À l'usine aussi, c'est possible. Davidson, Zenika… Les entreprises de services sont particulièrement nombreuses dans le classement Great Place to Work. "En usine, le métier peut être pénible, plus répétitif sans doute que pour un cadre supérieur, mais on peut développer le bien-être au travail dans n'importe quelle entreprise, de n'importe quelle taille, et de n'importe quel secteur", souligne Loïc Dumoulin-Richet, en prenant l'exemple de Valrhona, spécialisée dans la transformation du cacao, ou encore du groupe d'électroménager Seb, qui fait selon lui " énormément de choses sur la santé, pour prévenir les troubles musculo-squelettiques de ses employés en adoptant, entre autres, des postures de travail différentes".

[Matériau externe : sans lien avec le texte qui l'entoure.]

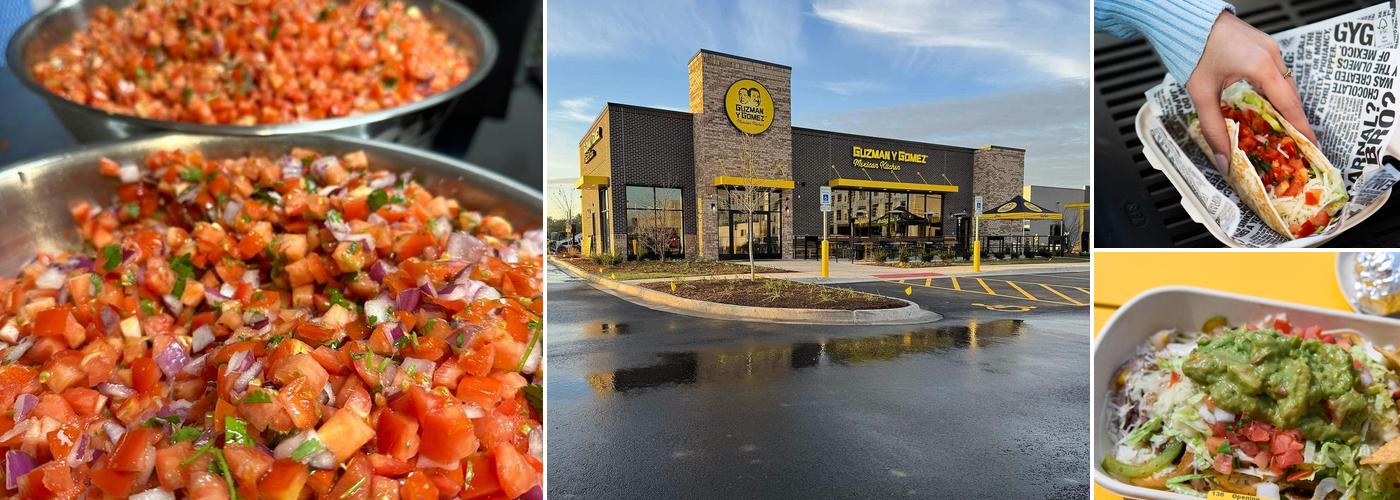 Guzman y Gomez - Buffalo Grove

" Pour que la pratique fonctionne bien, il faut qu'elle soit adaptée à la culture de l'entreprise "
Un baby-foot ne suffit pas. À la question "y a-t-il une recette miracle et universelle pour développer le bien-être au travail ?", Loïc Dumoulin-Richet répond cependant par la négative. "Pour que la pratique fonctionne bien, il faut qu'elle soit adaptée à la culture de l'entreprise", note-t-il. "L'exemple flagrant, c'est le baby-foot. Si les dirigeants ne voient pas d'un bon œil le fait de prendre une pause, les employés n'oseront pas y jouer. Vous pouvez donc mettre 18 baby-foots, ça ne marchera jamais. Même chose avec les crèches d'entreprise. Il faut déjà que les employés aient des enfants. Le temps de transport, la localisation de la société, tout ça rentre également en compte".
Un cercle vertueux. Les chefs d'entreprise sont en tout cas de plus en plus nombreux à comprendre l'enjeu de la qualité de vie au travail. D'une part, cela renforce l'attractivité de la société. D'autre part, "la performance sociale nourrit la performance économique et inversement. C'est un cercle vertueux", observe encore Loïc Dumoulin-Richet. En somme, un employé heureux travaillera toujours mieux qu'un collègue désabusé. D'autant que, selon Mozart Consulting et le Groupe Apici, le mal-être a coûté en 2013 quelque 13.500 euros par salarié et par an aux entreprises françaises, soit "une perte annuelle au niveau national de 200 milliards d’euros".